And they’ve learned that there’s more to a transportation hub than buses and trains. One of the reasons cars are more convenient than buses is because they allow commuters to make stops and detours, drop off dry-cleaning and pick up bread and run all the other errands they must cram into already overly busy days. That’s why a child-care center, like the one at the Sylmar hub as well as at the Chatsworth Metrolink station, cuts down those errands by one. Now they only need dry cleaners and grocery stores nearby.

Smart developers have already taken advantage of the Sylmar hub to locate a housing development called Village Green, which uses energy-efficient design and environmentally friendly materials in addition to making it easy for residents to spare the air by taking public transportation.

Such commuter-friendly design should be encouraged around the North Hollywood Metro Red Line station, scheduled to open in June, with a cross-Valley link to another transit hub planned for Warner Center.

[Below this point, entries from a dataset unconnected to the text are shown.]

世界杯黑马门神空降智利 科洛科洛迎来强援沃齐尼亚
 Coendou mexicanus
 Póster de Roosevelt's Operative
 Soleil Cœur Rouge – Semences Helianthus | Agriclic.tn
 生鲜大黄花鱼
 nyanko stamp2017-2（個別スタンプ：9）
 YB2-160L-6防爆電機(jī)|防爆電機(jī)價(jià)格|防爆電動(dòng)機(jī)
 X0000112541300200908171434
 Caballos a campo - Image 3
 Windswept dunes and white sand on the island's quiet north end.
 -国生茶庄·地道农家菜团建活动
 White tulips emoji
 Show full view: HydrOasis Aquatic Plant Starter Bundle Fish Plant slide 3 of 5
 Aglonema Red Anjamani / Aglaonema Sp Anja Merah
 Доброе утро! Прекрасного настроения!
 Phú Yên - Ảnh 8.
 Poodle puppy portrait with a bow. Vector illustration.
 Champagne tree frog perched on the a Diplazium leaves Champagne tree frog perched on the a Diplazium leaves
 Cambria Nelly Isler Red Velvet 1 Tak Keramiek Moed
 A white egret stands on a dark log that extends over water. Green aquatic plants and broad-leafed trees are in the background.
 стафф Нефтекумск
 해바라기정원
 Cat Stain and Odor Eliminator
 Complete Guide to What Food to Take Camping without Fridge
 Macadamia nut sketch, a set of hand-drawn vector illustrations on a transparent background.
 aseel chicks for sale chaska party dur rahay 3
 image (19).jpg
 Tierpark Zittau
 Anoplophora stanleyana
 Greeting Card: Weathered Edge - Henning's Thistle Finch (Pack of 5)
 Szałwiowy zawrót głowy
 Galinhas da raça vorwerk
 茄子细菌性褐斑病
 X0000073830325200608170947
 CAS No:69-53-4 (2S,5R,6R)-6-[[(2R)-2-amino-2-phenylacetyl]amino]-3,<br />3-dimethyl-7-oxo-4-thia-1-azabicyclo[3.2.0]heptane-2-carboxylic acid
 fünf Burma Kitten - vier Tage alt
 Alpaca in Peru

No, this sprawling, low-rise city will likely never end its love affair with the automobile. But commuters who treasure their freedom to choose to drive need to honor others’ choices not to. People who are poor, elderly, handicapped, who are concerned about air pollution or who just don’t want to sit in traffic deserve a choice too. And each person who chooses to use public transportation eases the congestion already gridlocking San Fernando Valley streets and freeways. Such congestion is guaranteed to get worse as hundreds of thousands of new residents move into the area over the next 20 years--unless we plan alternative ways for them to move around.

If anything is going to coax us out of our cars, it’s going to be public transit hubs like the one just completed in Sylmar.